> _Work request_: Going through the entries below, copy out each line that contains "Patio".

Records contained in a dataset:
•••
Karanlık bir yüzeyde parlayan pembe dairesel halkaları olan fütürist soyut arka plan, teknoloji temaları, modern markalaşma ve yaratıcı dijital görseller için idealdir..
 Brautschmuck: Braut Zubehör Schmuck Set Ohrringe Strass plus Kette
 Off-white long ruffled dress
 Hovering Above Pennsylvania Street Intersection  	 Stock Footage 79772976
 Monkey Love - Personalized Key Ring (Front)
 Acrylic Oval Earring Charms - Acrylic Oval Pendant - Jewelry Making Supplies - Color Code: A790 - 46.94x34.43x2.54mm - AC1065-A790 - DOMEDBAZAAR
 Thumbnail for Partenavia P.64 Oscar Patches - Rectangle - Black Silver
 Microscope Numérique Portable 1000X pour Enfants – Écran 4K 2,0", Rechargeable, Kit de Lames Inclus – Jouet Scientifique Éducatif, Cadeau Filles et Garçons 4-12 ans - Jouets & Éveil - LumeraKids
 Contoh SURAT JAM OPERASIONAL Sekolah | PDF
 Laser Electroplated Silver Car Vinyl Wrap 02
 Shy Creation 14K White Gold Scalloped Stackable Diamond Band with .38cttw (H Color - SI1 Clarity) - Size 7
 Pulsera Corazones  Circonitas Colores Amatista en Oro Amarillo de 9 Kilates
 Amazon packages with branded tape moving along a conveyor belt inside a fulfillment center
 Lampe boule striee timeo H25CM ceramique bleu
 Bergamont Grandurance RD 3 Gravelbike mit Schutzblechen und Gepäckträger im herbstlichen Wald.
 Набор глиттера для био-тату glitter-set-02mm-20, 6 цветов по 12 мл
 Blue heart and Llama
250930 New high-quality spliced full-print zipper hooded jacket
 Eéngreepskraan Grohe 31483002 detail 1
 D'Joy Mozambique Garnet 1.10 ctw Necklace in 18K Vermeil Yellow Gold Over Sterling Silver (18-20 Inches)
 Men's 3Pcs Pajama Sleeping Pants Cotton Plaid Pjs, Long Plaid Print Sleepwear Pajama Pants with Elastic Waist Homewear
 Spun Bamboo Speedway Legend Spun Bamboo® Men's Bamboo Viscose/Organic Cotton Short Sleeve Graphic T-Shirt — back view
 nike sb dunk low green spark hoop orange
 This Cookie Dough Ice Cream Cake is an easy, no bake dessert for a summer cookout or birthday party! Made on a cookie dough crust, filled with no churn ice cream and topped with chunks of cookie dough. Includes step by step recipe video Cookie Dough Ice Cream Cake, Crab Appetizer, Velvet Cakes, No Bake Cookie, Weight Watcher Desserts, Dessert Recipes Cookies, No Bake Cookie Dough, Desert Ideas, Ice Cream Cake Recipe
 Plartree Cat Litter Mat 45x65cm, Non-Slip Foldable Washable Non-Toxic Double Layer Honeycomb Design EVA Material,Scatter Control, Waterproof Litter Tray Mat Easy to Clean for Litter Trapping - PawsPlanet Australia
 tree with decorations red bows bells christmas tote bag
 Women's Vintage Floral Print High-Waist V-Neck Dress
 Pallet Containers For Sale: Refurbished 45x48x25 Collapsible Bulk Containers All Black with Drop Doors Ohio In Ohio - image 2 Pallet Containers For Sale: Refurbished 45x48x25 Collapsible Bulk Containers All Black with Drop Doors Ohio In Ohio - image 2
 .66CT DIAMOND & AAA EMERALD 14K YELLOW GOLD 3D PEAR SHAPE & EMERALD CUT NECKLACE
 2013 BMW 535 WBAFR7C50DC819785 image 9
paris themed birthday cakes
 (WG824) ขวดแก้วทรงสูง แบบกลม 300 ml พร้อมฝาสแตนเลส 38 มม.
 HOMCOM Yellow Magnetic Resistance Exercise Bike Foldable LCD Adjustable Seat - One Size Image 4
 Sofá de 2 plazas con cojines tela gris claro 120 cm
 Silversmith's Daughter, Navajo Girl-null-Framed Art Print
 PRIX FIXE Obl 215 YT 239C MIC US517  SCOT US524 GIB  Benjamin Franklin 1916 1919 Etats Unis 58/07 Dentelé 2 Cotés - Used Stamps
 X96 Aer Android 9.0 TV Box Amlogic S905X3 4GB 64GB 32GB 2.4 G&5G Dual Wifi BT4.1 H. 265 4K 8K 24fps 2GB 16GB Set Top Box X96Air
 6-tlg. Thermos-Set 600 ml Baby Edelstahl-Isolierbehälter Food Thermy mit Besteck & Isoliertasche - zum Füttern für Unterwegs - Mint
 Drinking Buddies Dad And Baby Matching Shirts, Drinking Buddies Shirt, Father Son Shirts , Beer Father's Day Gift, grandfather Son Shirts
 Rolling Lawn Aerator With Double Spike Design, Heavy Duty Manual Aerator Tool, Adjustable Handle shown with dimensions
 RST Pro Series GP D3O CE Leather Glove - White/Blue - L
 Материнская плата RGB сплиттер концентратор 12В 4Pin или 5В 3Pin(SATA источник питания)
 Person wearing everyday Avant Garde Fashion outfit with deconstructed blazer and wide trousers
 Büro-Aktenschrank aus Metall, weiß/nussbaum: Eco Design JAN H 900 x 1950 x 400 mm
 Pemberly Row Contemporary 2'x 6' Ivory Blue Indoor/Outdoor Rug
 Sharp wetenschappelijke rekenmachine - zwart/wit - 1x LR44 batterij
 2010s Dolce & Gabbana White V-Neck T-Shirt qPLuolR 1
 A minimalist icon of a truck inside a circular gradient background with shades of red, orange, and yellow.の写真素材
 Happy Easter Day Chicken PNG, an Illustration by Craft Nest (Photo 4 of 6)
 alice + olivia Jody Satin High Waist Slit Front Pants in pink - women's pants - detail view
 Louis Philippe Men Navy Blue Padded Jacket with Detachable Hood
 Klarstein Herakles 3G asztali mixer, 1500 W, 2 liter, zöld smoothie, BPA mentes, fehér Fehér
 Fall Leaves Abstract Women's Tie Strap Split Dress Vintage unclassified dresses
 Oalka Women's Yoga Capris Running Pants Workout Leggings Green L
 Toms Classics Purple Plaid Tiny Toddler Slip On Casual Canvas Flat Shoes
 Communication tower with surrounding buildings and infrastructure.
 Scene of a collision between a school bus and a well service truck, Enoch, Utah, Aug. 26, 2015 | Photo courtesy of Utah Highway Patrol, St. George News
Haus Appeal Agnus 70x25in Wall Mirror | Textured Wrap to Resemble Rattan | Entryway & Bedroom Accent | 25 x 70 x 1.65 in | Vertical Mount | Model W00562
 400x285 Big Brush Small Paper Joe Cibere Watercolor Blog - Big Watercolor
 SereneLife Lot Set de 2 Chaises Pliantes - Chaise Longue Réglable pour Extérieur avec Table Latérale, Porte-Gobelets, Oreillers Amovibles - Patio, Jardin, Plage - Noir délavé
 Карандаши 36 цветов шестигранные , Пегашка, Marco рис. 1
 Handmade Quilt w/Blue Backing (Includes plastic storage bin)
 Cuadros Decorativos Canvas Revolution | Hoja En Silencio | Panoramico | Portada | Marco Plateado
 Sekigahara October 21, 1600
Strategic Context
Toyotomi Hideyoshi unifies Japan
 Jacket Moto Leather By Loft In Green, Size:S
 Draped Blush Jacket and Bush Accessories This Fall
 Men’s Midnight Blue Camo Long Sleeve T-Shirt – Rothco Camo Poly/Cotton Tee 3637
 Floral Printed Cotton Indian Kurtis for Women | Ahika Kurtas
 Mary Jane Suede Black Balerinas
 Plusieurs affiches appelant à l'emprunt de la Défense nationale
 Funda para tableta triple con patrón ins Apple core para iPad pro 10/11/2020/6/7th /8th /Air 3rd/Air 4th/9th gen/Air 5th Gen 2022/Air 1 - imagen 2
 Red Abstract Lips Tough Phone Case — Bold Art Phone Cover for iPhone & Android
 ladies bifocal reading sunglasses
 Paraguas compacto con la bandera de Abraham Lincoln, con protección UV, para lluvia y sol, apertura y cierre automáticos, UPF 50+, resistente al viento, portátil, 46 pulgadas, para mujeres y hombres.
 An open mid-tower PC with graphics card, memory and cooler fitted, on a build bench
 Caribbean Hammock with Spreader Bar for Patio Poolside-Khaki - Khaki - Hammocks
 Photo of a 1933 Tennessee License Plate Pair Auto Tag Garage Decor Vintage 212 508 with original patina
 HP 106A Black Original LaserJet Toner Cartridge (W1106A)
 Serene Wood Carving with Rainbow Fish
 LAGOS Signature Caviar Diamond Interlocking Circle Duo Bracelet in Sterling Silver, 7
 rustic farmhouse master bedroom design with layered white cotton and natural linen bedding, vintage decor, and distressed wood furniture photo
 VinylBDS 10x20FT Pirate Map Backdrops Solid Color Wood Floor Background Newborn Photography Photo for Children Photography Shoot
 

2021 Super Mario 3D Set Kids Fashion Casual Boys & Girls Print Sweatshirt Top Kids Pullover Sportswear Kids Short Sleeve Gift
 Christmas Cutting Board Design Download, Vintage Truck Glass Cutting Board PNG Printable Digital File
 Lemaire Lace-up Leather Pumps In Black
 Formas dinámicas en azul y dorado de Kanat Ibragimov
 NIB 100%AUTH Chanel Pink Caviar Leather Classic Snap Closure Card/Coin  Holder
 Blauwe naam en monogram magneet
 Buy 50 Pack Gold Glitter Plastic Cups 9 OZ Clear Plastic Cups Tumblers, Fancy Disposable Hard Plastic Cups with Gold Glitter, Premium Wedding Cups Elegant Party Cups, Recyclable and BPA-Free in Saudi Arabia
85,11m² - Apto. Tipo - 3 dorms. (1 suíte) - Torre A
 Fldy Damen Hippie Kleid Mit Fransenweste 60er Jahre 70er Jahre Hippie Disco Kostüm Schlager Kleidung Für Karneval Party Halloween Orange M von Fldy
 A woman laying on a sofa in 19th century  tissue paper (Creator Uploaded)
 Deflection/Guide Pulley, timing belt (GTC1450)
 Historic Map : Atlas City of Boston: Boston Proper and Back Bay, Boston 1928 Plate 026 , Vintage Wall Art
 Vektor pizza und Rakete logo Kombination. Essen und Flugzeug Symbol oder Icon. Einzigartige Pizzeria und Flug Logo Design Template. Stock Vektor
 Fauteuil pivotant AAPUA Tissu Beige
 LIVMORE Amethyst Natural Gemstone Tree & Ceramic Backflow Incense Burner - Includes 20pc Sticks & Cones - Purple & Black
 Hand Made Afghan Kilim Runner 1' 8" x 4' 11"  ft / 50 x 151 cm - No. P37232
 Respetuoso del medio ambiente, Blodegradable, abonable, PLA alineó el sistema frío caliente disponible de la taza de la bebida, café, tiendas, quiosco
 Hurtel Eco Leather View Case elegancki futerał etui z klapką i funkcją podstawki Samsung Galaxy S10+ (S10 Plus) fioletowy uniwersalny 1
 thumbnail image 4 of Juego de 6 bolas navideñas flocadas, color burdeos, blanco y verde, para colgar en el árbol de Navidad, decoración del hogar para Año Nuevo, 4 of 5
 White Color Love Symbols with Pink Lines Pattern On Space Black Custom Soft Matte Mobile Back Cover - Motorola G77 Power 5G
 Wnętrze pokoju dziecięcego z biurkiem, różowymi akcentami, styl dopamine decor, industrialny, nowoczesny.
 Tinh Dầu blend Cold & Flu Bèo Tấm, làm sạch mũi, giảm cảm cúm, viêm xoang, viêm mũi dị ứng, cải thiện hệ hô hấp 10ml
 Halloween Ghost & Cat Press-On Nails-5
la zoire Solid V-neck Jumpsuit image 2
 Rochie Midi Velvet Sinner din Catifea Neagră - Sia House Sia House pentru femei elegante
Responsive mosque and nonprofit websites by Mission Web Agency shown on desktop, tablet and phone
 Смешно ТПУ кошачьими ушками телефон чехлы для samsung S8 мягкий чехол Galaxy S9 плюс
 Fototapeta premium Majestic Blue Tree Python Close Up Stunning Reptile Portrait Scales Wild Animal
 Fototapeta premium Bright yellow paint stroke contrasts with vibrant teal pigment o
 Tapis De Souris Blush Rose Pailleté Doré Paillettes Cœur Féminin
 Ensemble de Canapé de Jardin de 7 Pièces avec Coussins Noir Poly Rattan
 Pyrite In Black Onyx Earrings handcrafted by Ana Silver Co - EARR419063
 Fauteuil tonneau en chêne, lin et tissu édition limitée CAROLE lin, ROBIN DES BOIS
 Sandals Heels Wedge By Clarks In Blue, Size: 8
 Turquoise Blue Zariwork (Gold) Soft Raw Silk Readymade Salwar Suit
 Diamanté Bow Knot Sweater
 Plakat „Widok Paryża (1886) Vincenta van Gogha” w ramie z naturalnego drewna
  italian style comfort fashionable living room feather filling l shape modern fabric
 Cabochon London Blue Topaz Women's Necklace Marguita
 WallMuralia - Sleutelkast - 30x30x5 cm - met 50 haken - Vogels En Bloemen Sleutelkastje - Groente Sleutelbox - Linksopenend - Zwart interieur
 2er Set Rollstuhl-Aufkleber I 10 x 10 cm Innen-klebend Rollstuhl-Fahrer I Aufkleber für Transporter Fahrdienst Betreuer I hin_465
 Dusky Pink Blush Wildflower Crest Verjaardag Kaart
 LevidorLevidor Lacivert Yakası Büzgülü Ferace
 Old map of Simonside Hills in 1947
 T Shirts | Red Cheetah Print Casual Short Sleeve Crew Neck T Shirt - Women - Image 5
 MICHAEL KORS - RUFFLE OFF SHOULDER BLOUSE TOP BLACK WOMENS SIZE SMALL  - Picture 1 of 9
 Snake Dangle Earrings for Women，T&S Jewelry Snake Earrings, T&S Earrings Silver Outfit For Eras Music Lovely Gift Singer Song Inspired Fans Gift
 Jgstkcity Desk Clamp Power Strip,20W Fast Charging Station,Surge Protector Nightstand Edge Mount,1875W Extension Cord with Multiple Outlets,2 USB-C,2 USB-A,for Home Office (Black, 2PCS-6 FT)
•••
> _Solution for this task_:
 SereneLife Lot Set de 2 Chaises Pliantes - Chaise Longue Réglable pour Extérieur avec Table Latérale, Porte-Gobelets, Oreillers Amovibles - Patio, Jardin, Plage - Noir délavé
 Caribbean Hammock with Spreader Bar for Patio Poolside-Khaki - Khaki - Hammocks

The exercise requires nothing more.